EXERCISE REQUIREMENTS. Where the listing below reaches the line containing "サンク クルール クチュール", start writing out lines exactly, and stop once the line containing "Android版WPS Office手机版4.4发布：支持Google Docs和Dropbox" has been written.

EXTRACTED RECORDS.
####
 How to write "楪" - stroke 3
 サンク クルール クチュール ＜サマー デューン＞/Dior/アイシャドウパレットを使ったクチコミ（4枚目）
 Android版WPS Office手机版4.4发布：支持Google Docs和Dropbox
####
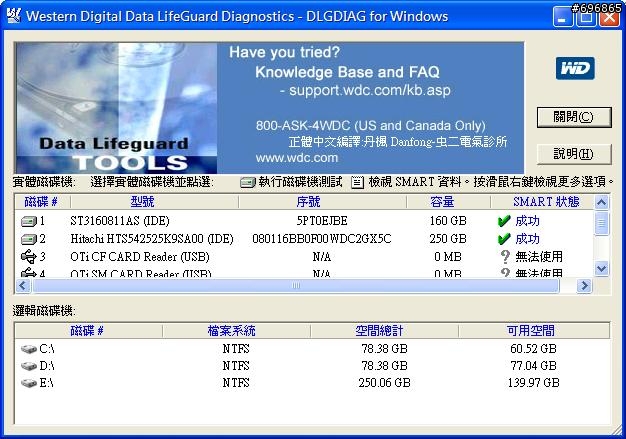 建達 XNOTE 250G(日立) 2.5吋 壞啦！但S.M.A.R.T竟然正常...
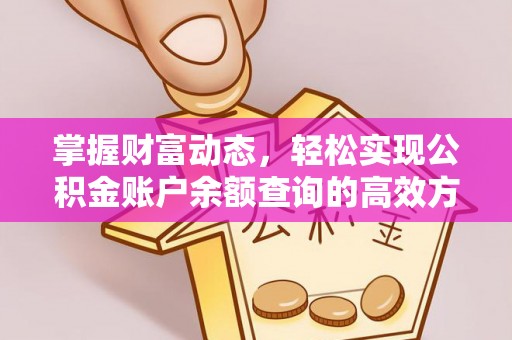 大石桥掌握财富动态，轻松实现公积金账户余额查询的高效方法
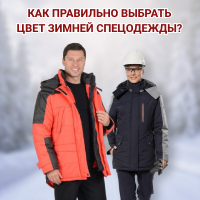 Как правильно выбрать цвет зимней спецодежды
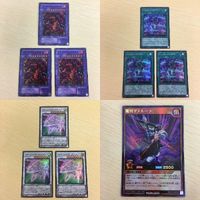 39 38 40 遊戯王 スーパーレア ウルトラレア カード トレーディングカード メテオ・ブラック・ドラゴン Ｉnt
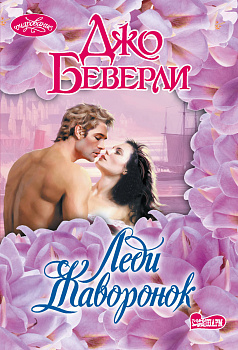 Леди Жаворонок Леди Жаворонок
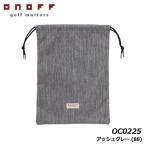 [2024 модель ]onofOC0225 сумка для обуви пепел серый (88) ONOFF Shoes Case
####
TASK RESULT.
 サンク クルール クチュール ＜サマー デューン＞/Dior/アイシャドウパレットを使ったクチコミ（4枚目）
 Android版WPS Office手机版4.4发布：支持Google Docs和Dropbox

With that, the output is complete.